*Task directions*.
Send back the line that contains "Suv 汽车在犹他州干燥的草地沙漠山谷中沿着尘土飞扬的空旷道路行驶 在金色日落时" and all lines following it through the end of the data below, exactly, omitting pictures.

*Provided records*.

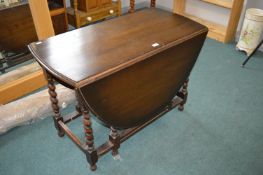 Dark Oak Oval Drop Leaf Dining Table with Barley Twist Supports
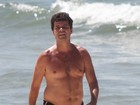 Felipe Camargo exibe barriguinha em caminhada em praia no Rio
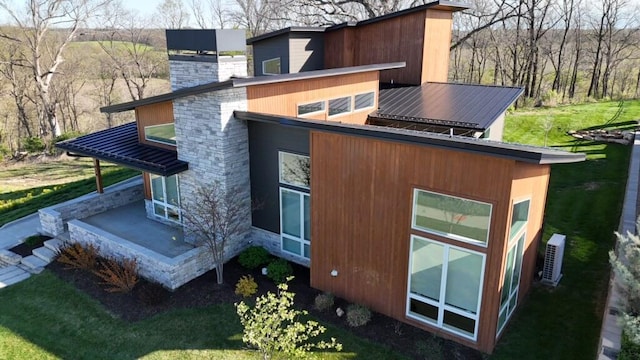 view of side of property with a chimney, stone siding, and metal roof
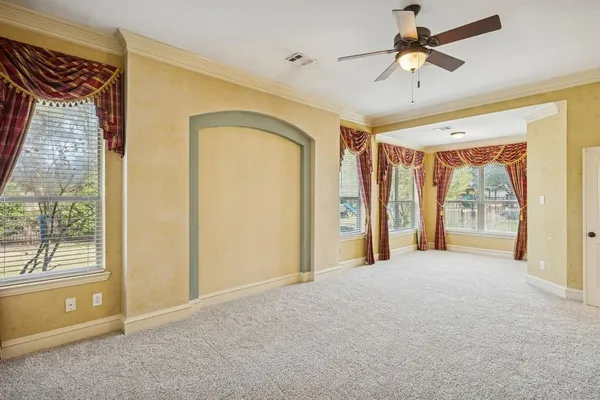 a view of a livingroom with a ceiling fan and window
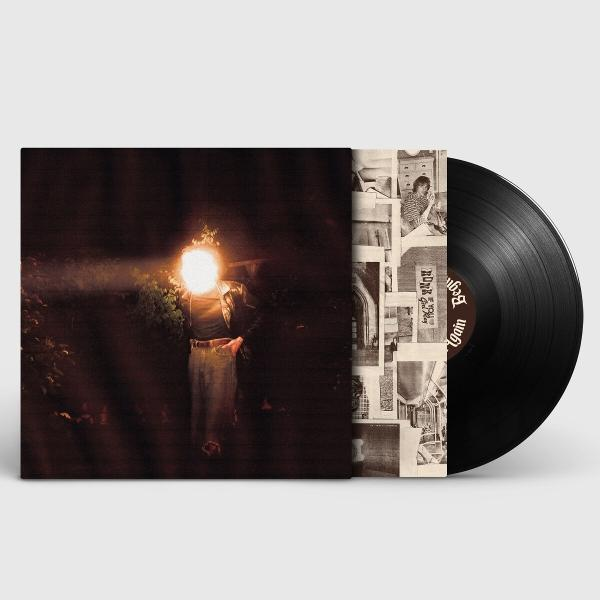 Albumcover: Eine Person mit Licht auf dem Kopf, die im Dunkeln geht. Eine Schallplatte rechts.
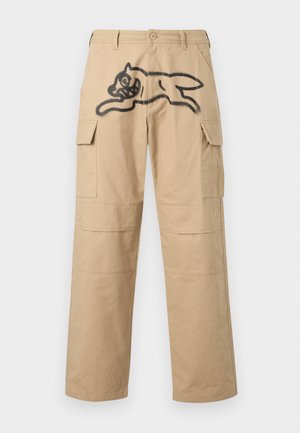 Pantaloni cargo beige con due tasche laterali, una vestibilità comoda e una grafica nera prominente di una figura che salta sulla parte anteriore.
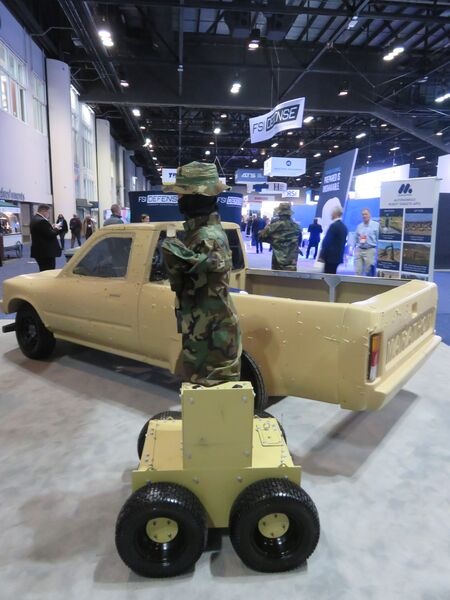 Marathon's new T50 (foreground) and T100 Autonomous Robotic Targets shown at I/ITSEC 21. The scuff marks on the armour plating of the T50 are from 6.8 mm rounds.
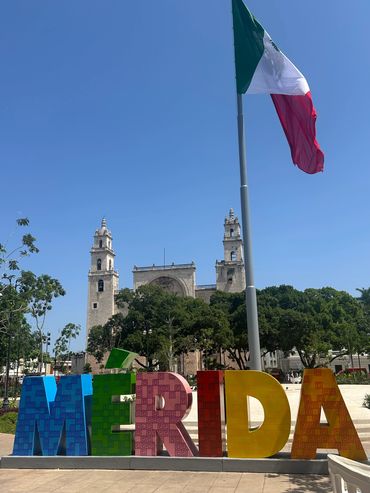 Colorful MÉRIDA sign in front of historic cathedral and Mexican flag under clear blue sky.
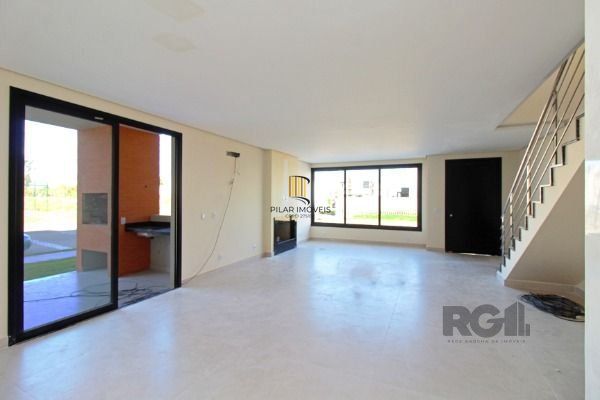 Casa em Porto Alegre, no bairro Hípica, com 3 dormitório(s), e 3 banheiros, à venda.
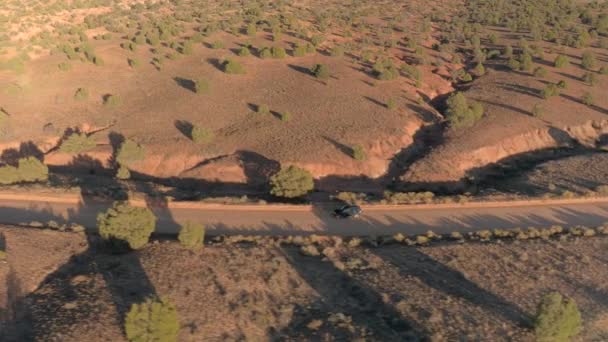 Suv 汽车在犹他州干燥的草地沙漠山谷中沿着尘土飞扬的空旷道路行驶 在金色日落时 乘坐吉普车在直达土路线上进入国会礁 — 图库视频影像
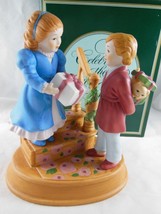 Vintage Avon Christmas Memories Porcelain Figurine Celebrating the Joy of Giving - $18.70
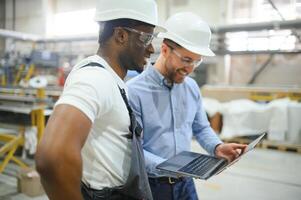 Two workers at a factory for the production of plastic windows. Engineer and worker on the production line photo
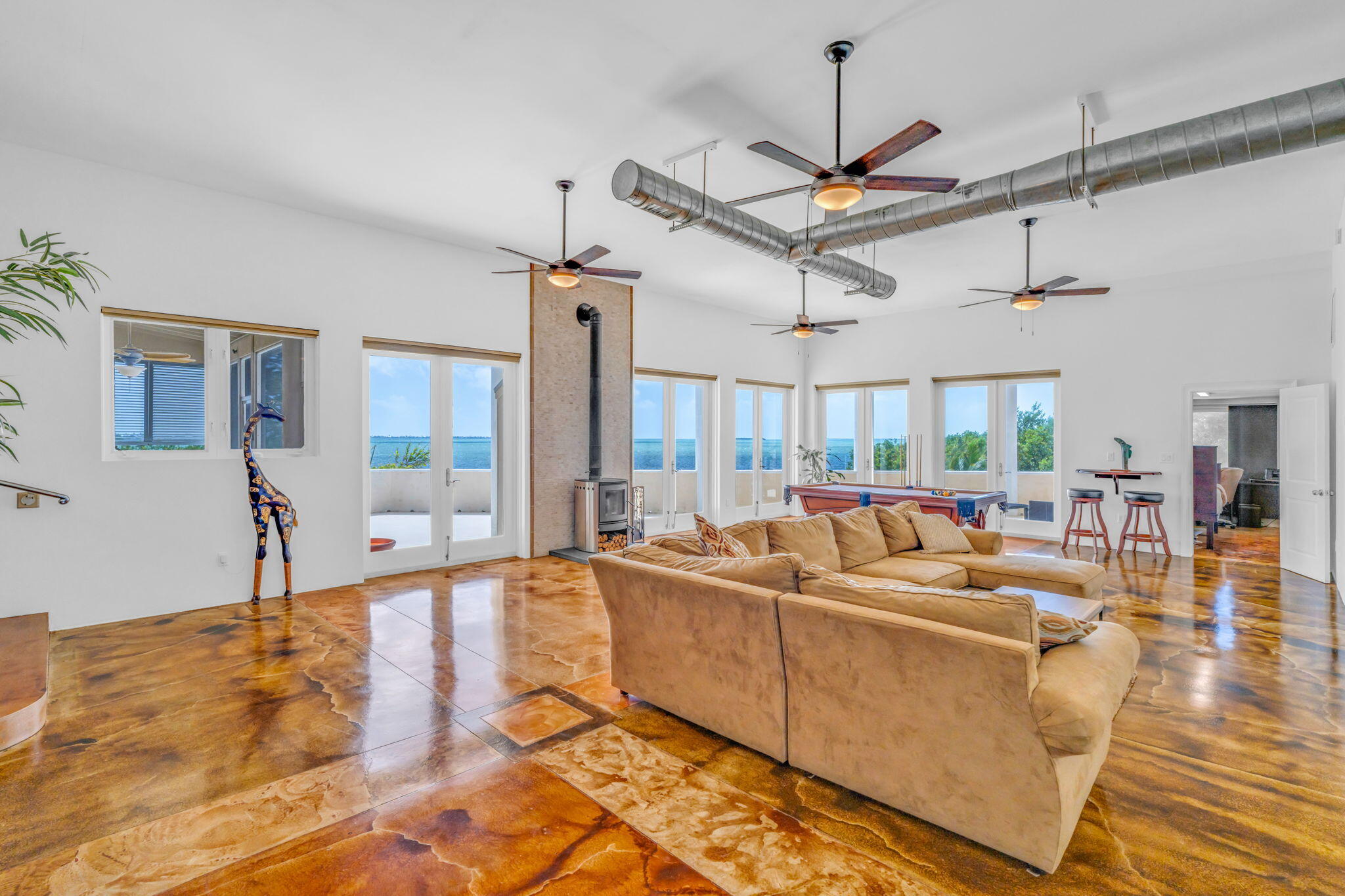 225 Colson Drive Cudjoe, FL 33042 - Photo 4 of 71 a living room with couches a fireplace and a dining table with wooden floor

*Output*.
 Suv 汽车在犹他州干燥的草地沙漠山谷中沿着尘土飞扬的空旷道路行驶 在金色日落时 乘坐吉普车在直达土路线上进入国会礁 — 图库视频影像
 Vintage Avon Christmas Memories Porcelain Figurine Celebrating the Joy of Giving - $18.70
 Two workers at a factory for the production of plastic windows. Engineer and worker on the production line photo
 225 Colson Drive Cudjoe, FL 33042 - Photo 4 of 71 a living room with couches a fireplace and a dining table with wooden floor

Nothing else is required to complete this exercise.